▸ TO DO: Check each line of the records below for the word "Steel" and copy those where it appears.

▸ PROVIDED RECORDS:
------------------------------------------------------------

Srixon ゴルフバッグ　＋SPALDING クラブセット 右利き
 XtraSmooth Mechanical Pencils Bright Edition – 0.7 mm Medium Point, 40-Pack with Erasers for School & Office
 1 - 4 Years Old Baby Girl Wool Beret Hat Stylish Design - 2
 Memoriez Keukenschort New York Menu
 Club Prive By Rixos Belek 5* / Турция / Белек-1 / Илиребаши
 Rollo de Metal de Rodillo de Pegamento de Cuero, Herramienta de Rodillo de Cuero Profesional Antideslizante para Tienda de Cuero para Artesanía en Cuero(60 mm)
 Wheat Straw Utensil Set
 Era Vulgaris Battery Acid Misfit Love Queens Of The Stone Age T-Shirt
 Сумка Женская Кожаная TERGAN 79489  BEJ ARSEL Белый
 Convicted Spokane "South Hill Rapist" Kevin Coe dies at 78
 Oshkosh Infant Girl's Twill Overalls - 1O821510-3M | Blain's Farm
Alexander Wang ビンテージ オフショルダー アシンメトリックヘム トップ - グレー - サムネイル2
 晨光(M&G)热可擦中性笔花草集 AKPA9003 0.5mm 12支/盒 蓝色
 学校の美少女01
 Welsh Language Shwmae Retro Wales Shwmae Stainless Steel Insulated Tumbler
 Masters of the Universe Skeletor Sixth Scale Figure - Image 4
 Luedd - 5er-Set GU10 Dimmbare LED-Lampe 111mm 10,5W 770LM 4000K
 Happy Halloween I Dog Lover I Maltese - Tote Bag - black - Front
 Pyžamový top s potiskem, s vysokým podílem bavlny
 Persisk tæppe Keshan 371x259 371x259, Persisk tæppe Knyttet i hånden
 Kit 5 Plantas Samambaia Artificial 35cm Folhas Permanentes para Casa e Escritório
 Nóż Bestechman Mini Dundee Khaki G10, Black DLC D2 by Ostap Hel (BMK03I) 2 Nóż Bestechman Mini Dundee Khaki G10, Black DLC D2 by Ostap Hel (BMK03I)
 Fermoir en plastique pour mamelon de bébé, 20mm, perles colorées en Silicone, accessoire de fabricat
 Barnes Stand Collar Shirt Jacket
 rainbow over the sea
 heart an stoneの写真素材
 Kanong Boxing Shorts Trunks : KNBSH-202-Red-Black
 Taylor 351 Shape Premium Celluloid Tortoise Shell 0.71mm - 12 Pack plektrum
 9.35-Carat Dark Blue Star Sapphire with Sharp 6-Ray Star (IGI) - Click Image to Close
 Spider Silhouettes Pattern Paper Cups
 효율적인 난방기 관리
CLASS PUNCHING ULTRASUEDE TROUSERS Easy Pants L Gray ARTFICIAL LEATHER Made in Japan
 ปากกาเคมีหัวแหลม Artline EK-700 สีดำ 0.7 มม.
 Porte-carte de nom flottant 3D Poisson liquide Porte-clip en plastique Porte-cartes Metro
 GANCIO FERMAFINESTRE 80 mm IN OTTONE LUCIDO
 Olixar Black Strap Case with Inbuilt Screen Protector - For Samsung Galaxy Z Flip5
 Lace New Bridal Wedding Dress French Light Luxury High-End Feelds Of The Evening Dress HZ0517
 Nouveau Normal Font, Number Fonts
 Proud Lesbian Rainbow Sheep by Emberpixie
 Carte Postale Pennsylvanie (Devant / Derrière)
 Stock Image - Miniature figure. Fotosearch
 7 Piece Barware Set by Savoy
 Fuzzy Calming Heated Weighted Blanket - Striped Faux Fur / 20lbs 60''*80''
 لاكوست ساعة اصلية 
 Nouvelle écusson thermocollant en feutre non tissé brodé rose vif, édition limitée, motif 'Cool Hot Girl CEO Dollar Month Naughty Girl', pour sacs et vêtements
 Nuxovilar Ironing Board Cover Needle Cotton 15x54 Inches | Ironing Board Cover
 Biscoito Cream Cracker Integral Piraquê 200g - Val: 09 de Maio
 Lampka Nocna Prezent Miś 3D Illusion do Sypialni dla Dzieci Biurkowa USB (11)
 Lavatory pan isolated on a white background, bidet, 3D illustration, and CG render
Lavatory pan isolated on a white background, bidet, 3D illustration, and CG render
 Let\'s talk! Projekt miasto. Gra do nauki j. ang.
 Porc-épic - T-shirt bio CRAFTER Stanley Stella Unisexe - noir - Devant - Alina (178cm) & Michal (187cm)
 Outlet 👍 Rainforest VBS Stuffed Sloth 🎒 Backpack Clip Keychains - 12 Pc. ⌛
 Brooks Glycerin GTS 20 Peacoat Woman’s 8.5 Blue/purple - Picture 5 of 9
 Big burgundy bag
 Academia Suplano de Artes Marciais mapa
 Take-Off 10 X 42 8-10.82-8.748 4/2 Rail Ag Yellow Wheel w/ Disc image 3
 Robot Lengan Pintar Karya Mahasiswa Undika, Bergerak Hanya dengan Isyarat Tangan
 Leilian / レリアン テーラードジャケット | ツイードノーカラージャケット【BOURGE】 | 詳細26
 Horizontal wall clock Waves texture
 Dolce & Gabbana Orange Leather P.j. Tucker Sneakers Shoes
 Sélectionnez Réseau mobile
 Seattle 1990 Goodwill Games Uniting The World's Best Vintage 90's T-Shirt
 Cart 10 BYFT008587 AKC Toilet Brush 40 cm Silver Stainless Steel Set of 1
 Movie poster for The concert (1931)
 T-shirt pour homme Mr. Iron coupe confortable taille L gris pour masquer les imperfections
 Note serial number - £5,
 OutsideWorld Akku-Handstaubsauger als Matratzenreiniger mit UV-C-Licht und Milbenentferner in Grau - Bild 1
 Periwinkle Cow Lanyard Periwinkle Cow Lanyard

------------------------------------------------------------

▸ OUTPUT OF THE EXERCISE:
 Welsh Language Shwmae Retro Wales Shwmae Stainless Steel Insulated Tumbler
 Cart 10 BYFT008587 AKC Toilet Brush 40 cm Silver Stainless Steel Set of 1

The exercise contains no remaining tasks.